Conference: CVPR 2026
Paper: CVF Open Access
Code: None (Project page https://zhouyiks.github.io/projects/SAMTok/)
Area: Segmentation / Pixel-level Multimodal VLM
Keywords: mask tokenizer, residual vector quantization, pixel-level MLLM, referring expression segmentation, text-reward RL

TL;DR

SAMTok compresses any region mask into two discrete text tokens, enabling standard MLLMs (like QwenVL) to understand and generate masks just like text via next-token prediction. It requires no specialized segmentation heads or custom losses, and by turning masks into "text," it allows reinforcement learning with pure character-matching rewards for the first time.

Background & Motivation

Background: Equipping MLLMs with pixel-level capabilities (understanding specific regions, segmenting objects according to instructions) is critical for building interactive visual systems. Existing pixel-level MLLMs typically attach two sets of specialized modules: the understanding side uses ROI pooling/region encoders to feed the mask in, while the generation side uses segmentation heads like SAM to decode hidden states into masks.

Limitations of Prior Work: This "auxiliary module" paradigm suffers from four specific issues: (1) Mask input and output cannot be modeled uniformly—understanding uses region pooling while generation uses a segmentation decoder, making the two paths incompatible; (2) The generation side uses continuous embeddings to connect the MLLM and the segmentation head, making it impossible to perform RL on mask generation directly and cleanly (rewards require decoding continuous features into masks via SAM before calculating IoU); (3) These specialized modules must be co-trained with the MLLM, involving segmentation losses and forward flows different from standard VQA training, which complicates scaling; (4) A few works treat masks as images or use RLE/polygon text representations, but a single mask then requires dozens or hundreds of tokens, causing inference costs to explode.

Key Challenge: The split between understanding and generation, along with the difficulty of RL, stems from masks being treated as "continuous geometric objects requiring specialized modules" rather than "textual symbols" that MLLMs are natively designed to handle. As long as masks remain continuous embeddings, they cannot escape segmentation heads, custom losses, and complex reward chains.

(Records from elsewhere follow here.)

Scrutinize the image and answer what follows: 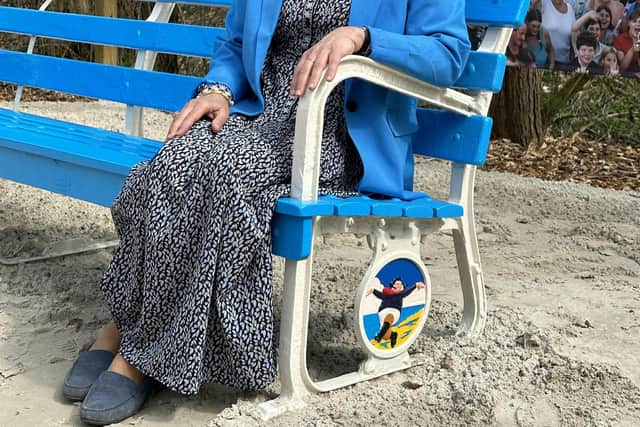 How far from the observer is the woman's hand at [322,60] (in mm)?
2152

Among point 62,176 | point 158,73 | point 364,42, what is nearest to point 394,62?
point 364,42

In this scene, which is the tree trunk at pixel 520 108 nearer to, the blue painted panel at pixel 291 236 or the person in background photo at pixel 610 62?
the person in background photo at pixel 610 62

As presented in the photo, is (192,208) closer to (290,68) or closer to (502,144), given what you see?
(290,68)

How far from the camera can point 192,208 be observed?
2.21m

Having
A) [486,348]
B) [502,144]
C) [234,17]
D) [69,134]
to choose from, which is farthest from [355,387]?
[502,144]

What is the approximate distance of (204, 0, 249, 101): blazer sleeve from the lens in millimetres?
2684

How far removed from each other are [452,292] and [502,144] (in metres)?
3.27

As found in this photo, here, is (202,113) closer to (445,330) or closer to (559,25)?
(445,330)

Goal: To enable any mask to be read and written in an MLLM like ordinary text—acting as input symbols during understanding and output symbols during generation. This reduces the entire learning process to SFT next-token prediction + simple RL, without modifying the MLLM architecture or adding specialized losses.

Key Insight: The authors observe that three types of models each possess a critical capability: VAEs excel at converting between images and latent representations, perception models like SAM excel at precise object segmentation using a single embedding, and vector quantization excels at discretizing continuous latent representations into compact codes. By stitching these together, one can obtain a mask tokenizer that is "capable of encoding masks, reconstructing masks from a highly condensed embedding, and operating in discrete form."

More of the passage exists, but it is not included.